- [YOUR TASK]
Please return exactly the lines from the beginning of the listing up to and including the line with "Image featuring a", with no pictures.

- [AVAILABLE DATA]
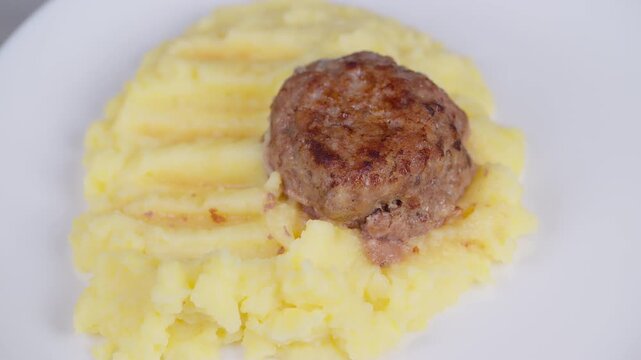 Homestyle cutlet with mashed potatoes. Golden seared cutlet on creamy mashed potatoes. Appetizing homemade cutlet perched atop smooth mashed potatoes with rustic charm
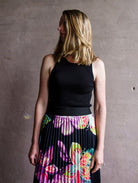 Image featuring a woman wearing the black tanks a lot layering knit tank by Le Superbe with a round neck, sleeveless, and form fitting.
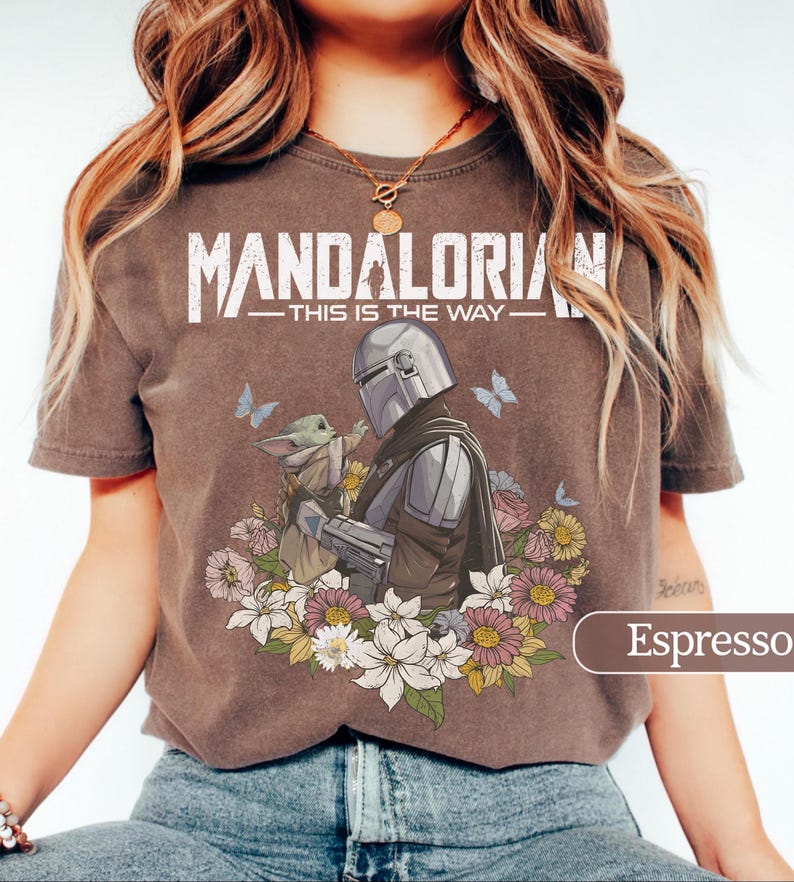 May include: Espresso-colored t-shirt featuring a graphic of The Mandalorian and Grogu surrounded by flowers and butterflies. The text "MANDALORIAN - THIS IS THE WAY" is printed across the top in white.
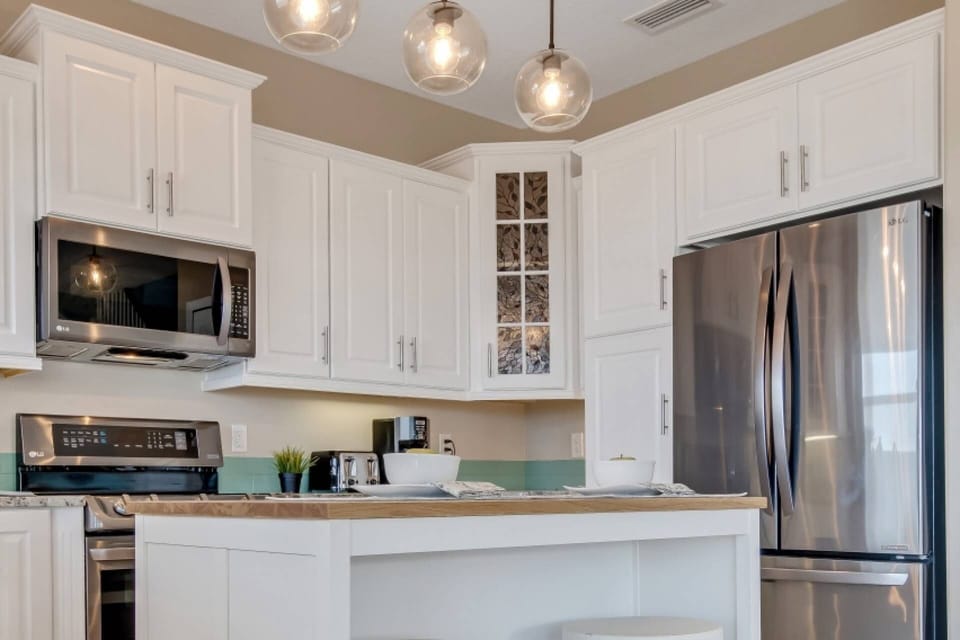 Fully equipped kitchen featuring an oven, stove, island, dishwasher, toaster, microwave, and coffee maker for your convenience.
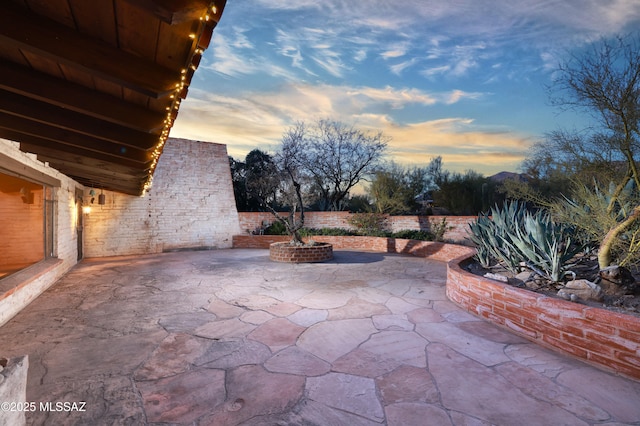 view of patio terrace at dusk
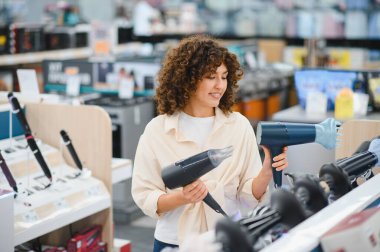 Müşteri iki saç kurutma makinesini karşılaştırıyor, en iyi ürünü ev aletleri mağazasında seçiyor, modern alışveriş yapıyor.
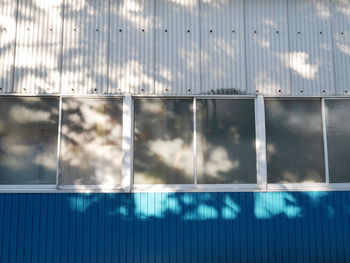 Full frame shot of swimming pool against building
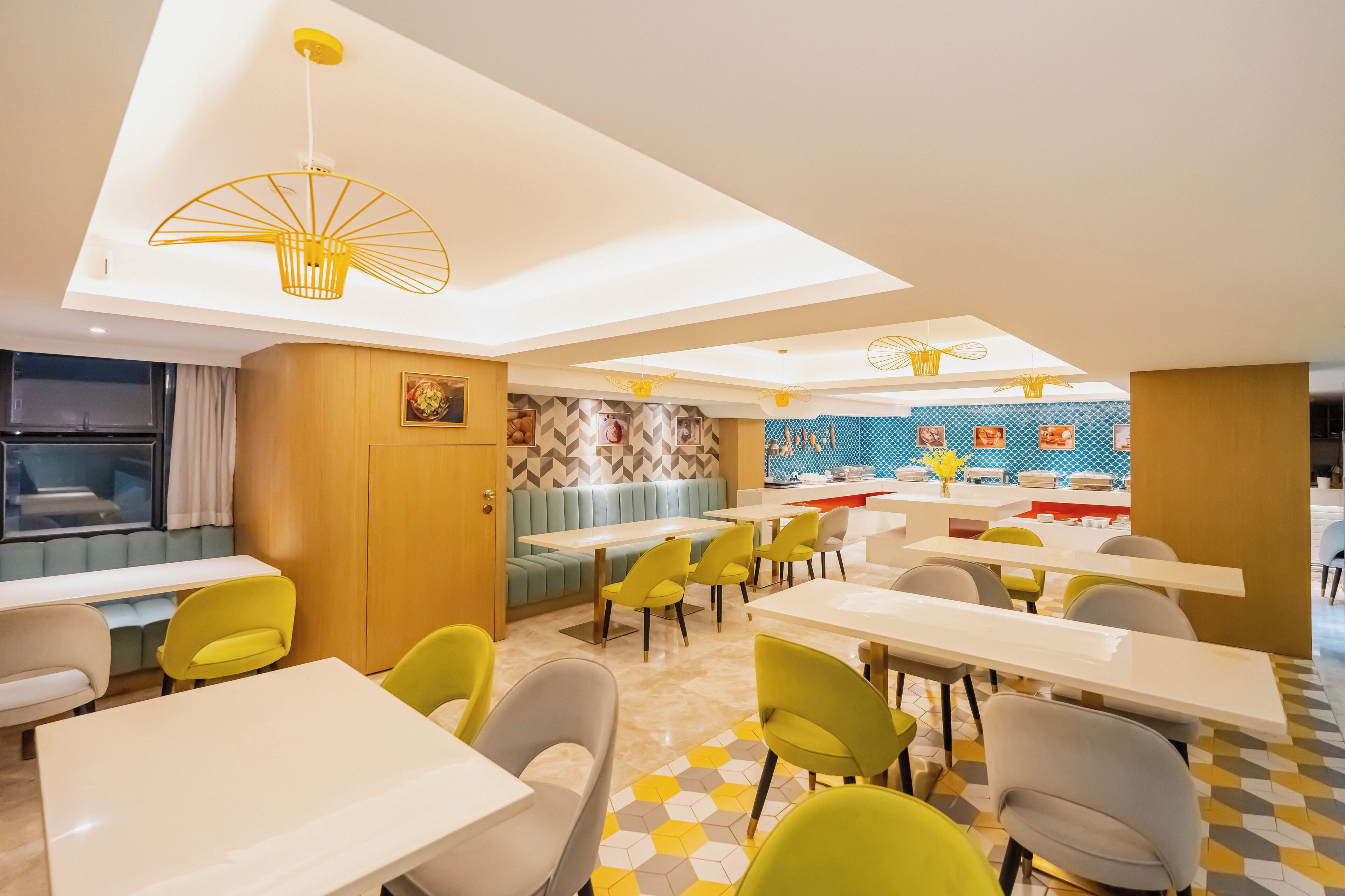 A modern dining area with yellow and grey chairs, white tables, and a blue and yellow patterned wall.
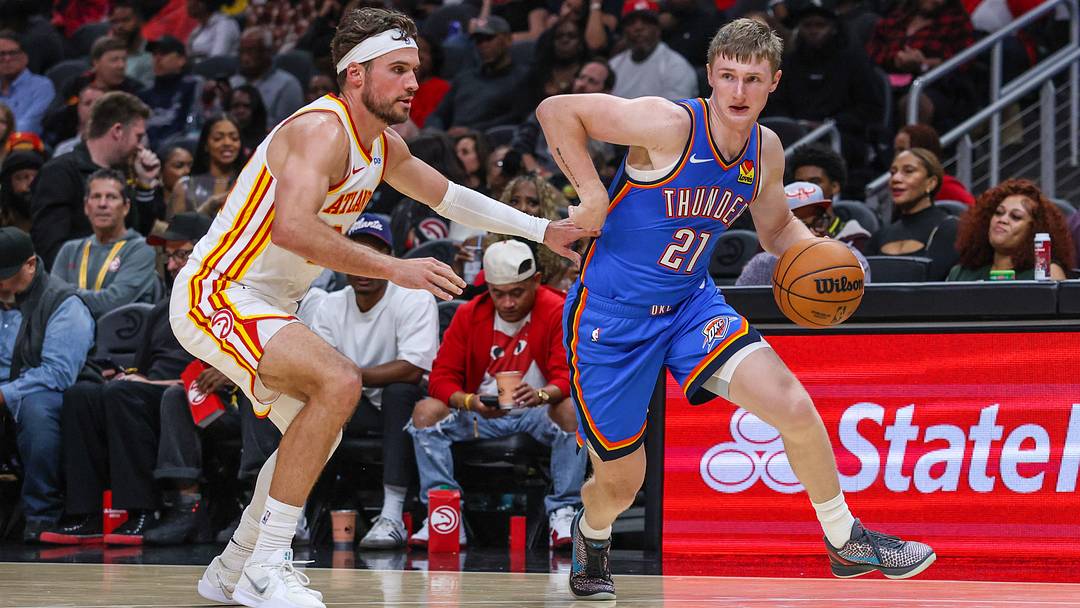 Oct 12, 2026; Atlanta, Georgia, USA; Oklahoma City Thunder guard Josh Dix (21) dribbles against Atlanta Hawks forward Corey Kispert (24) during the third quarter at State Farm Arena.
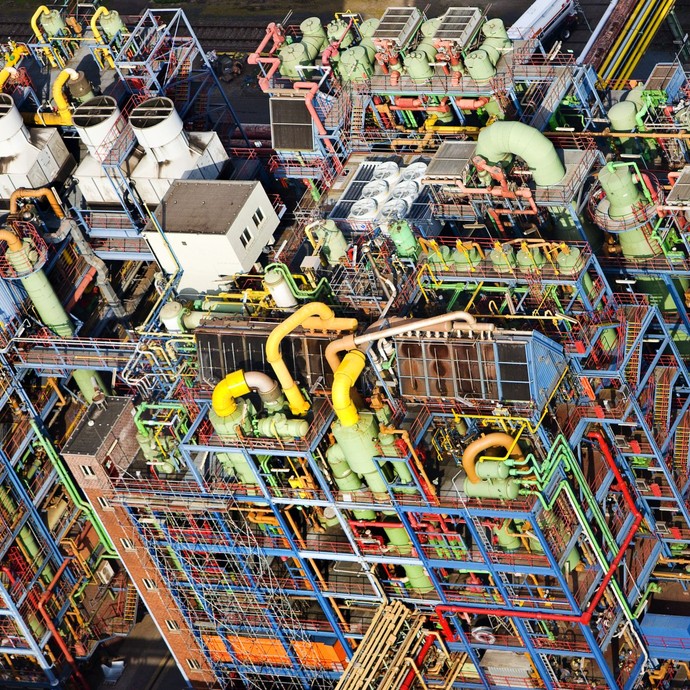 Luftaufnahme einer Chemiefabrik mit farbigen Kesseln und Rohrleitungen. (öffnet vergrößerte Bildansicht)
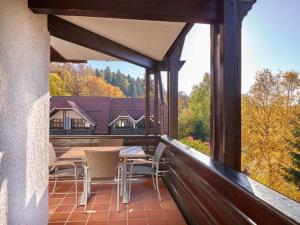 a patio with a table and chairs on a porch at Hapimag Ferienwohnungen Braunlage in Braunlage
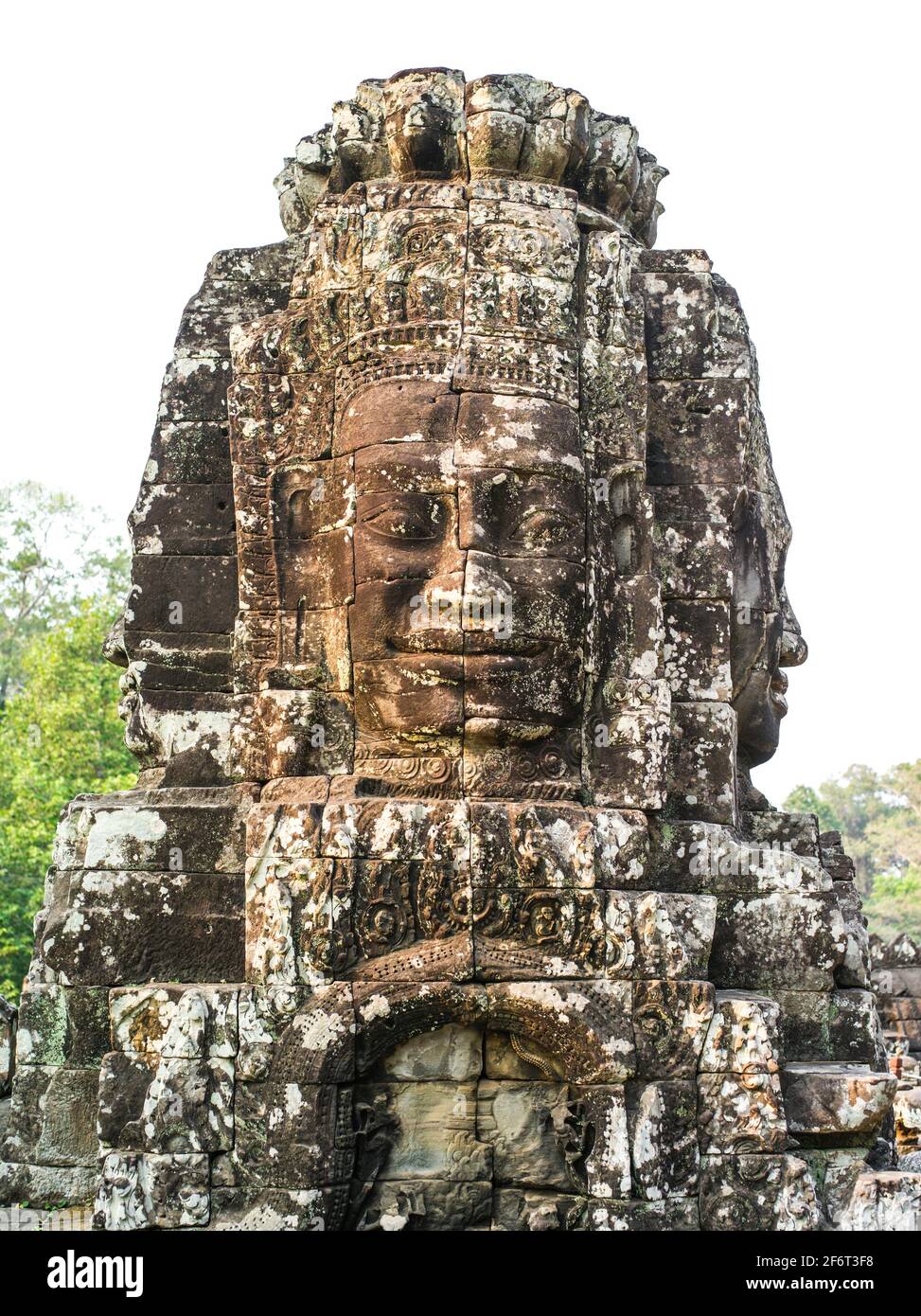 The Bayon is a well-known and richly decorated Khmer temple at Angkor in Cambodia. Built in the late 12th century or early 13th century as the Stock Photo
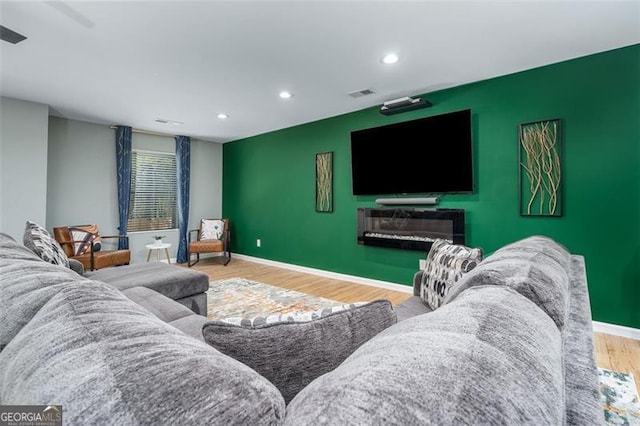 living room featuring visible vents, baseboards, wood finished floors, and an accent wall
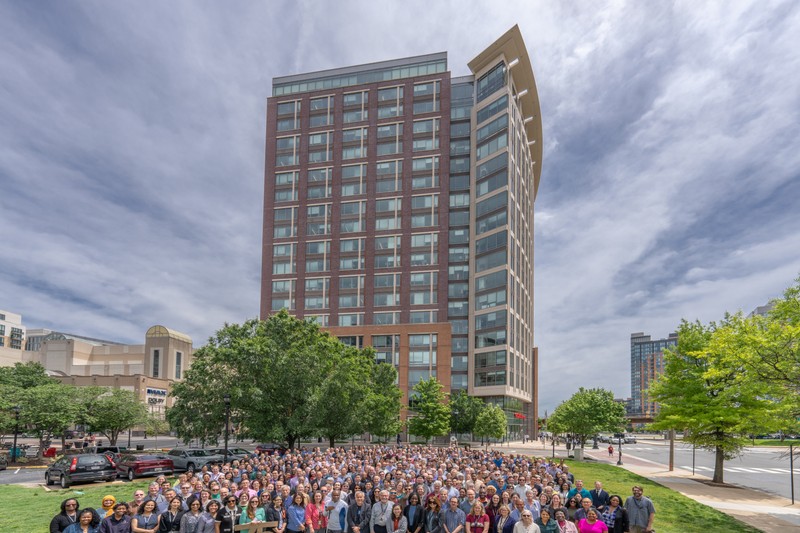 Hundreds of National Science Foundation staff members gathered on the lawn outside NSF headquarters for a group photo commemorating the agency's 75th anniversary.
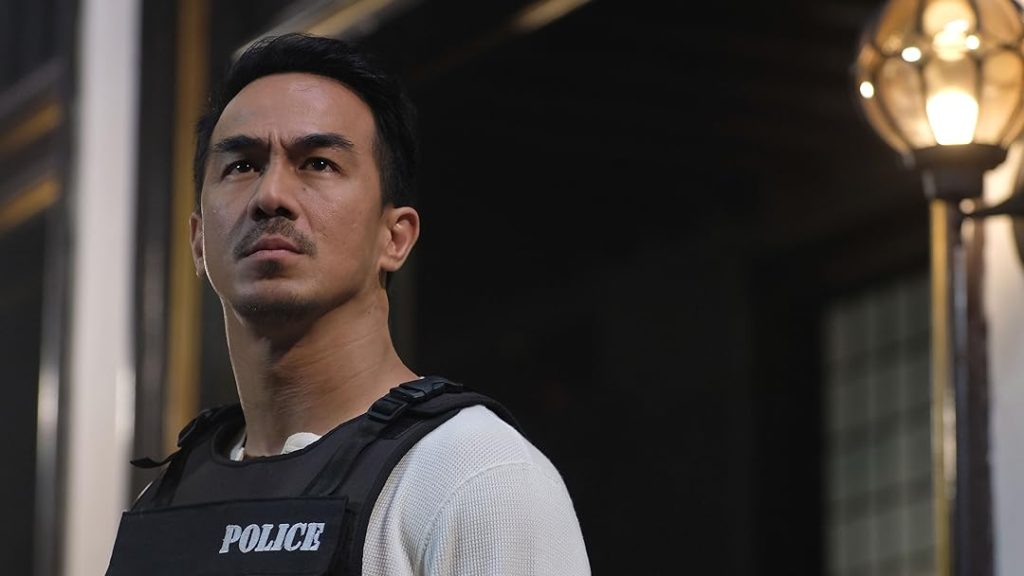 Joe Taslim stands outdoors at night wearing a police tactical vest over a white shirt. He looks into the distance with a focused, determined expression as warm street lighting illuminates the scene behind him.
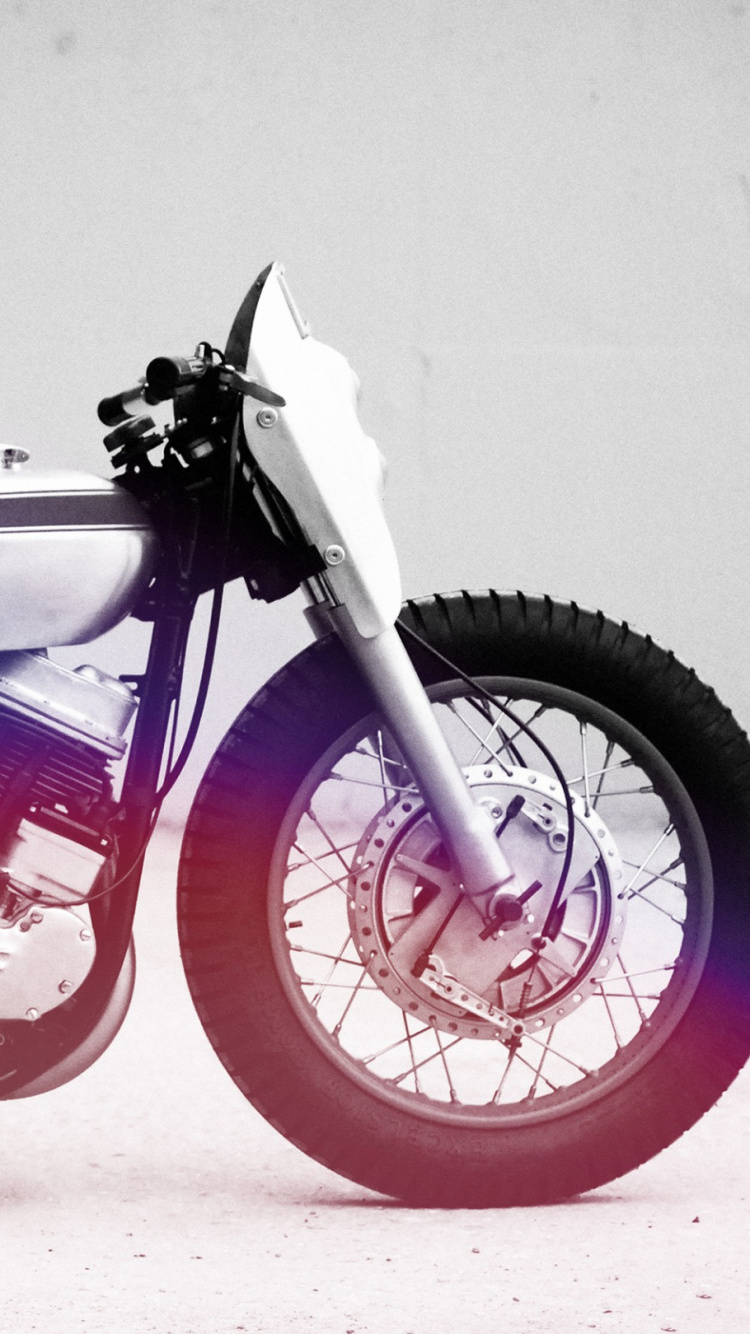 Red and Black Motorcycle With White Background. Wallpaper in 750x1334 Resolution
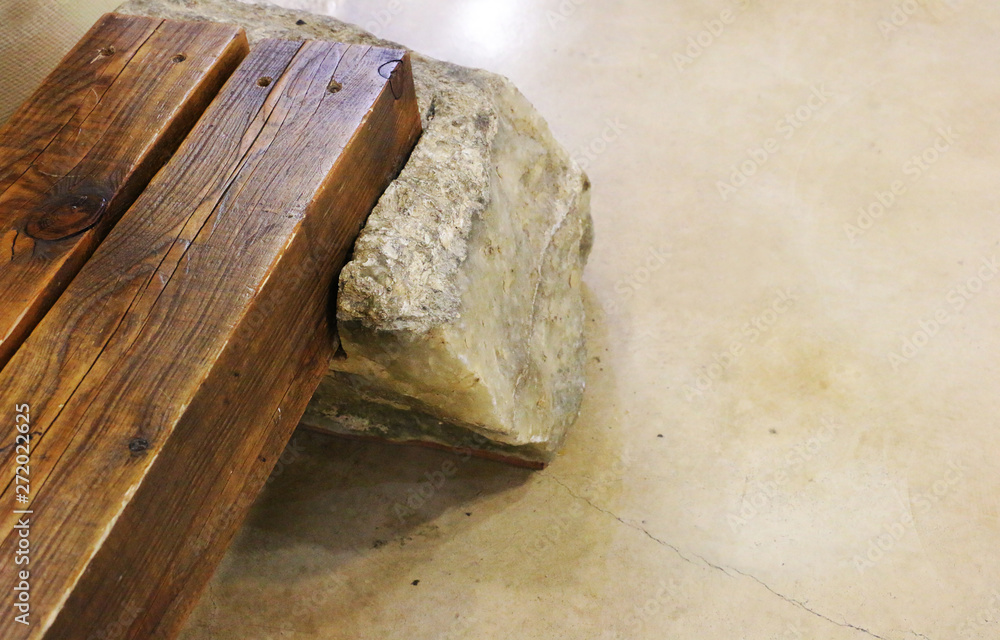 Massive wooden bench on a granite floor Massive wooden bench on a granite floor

- [ANSWER SPACE]
 Homestyle cutlet with mashed potatoes. Golden seared cutlet on creamy mashed potatoes. Appetizing homemade cutlet perched atop smooth mashed potatoes with rustic charm
 Image featuring a woman wearing the black tanks a lot layering knit tank by Le Superbe with a round neck, sleeveless, and form fitting.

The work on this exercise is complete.